Nigel moved nearer the fire and she heard him murmuring something, waving his hands in the air. He was dressed for the occasion in a dark robe that went all the way to the ground.
“Why do you keep calling me that?” she asked, hoping that interrupting him would keep him from completing his task—whatever it was. He had turned slightly and she could see him in profile now.
“Don’t think you can distract me.” The lich raised his hands from his waist to his chest, eyes still closed, like he was lifting the lid to something. “I can hold a dozen worlds simultaneously.”
“Oh wow, so much talent,” Jules snarked. “I’m impressed.”
“You want to know why I call you Nia?” His hands moved again, palms up, level with his shoulders. “Because you are Nia. You are the Fireborne who trapped me in a tomb of my own making. You are the one true mate of the dragon king, the priestess who will be his final undoing.”
“No, I’m not.” Jules rolled her eyes, trying not to show him how afraid she was, managing to keep the quiver out of her voice. “My name is Julianna Monroe. I think you have me confused with someone else.”

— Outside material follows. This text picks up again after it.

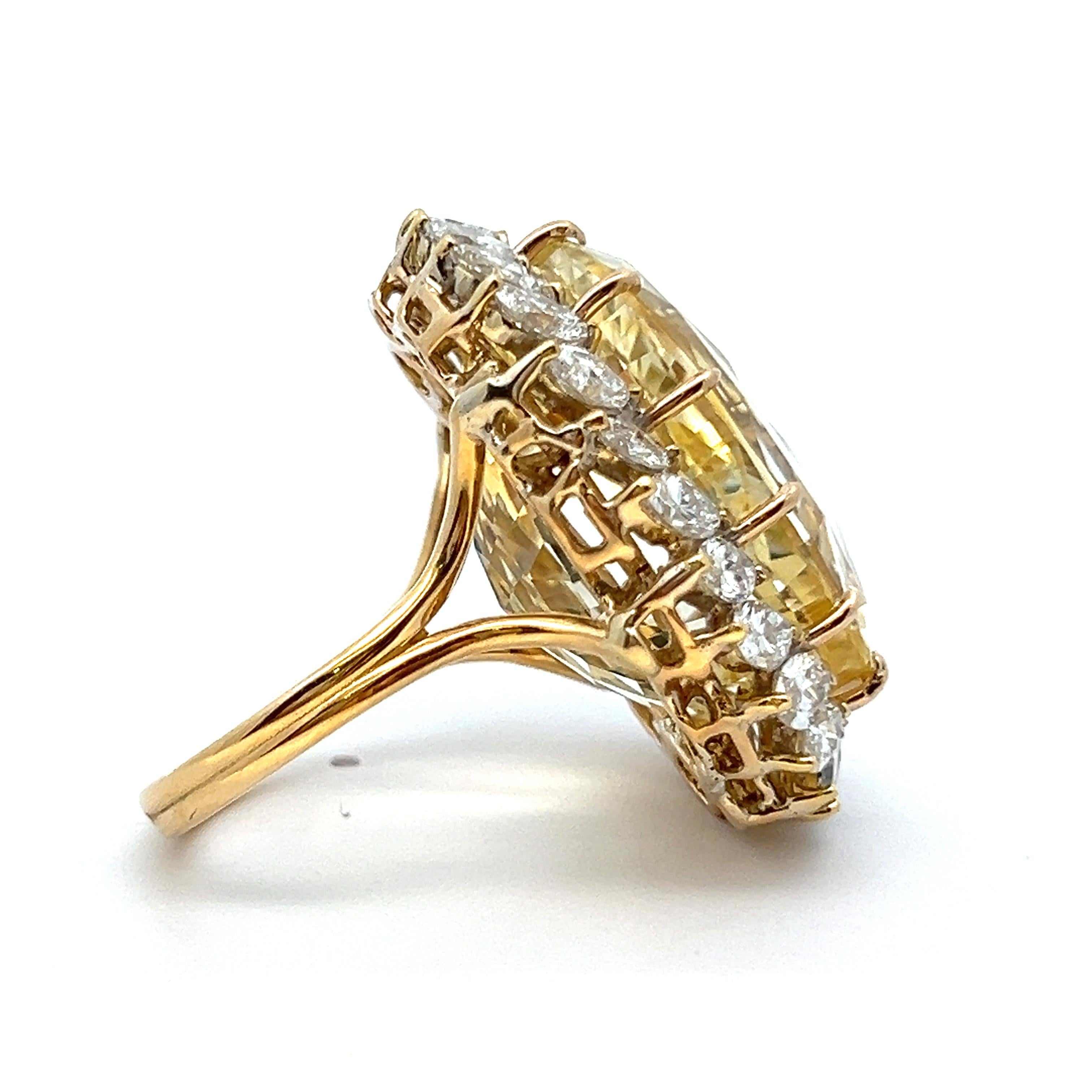 Women's Yellow Sapphire Cocktail Ring For Sale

“No, my dear. You’re the one who’s confused.”
She saw the red slash of his smile out of the corner of her eye. The old man’s hands moved upward again and she actually saw them trembling, as if he were struggling to lift something very heavy, even though there was nothing there.
“You have her blood running through your veins. You had the stone of your ancestors around your neck—the one that trapped the dragon’s heart. You are Fireborne.” The necromancer’s hands moved again, this time straight up, as if there was no more impediment, his skinny, white arms reaching for the sky.
Jules didn’t believe him for a minute. He was either delusional or simply trying to trick her into believing it.
“Do you mean my necklace?” she called, listening to the man chant something in a foreign tongue. It wasn’t Gaelic exactly—but it had similarities. She heard words close to blood, flesh, arise, and mine. “It’s not worth anything, you know. It’s not valuable.”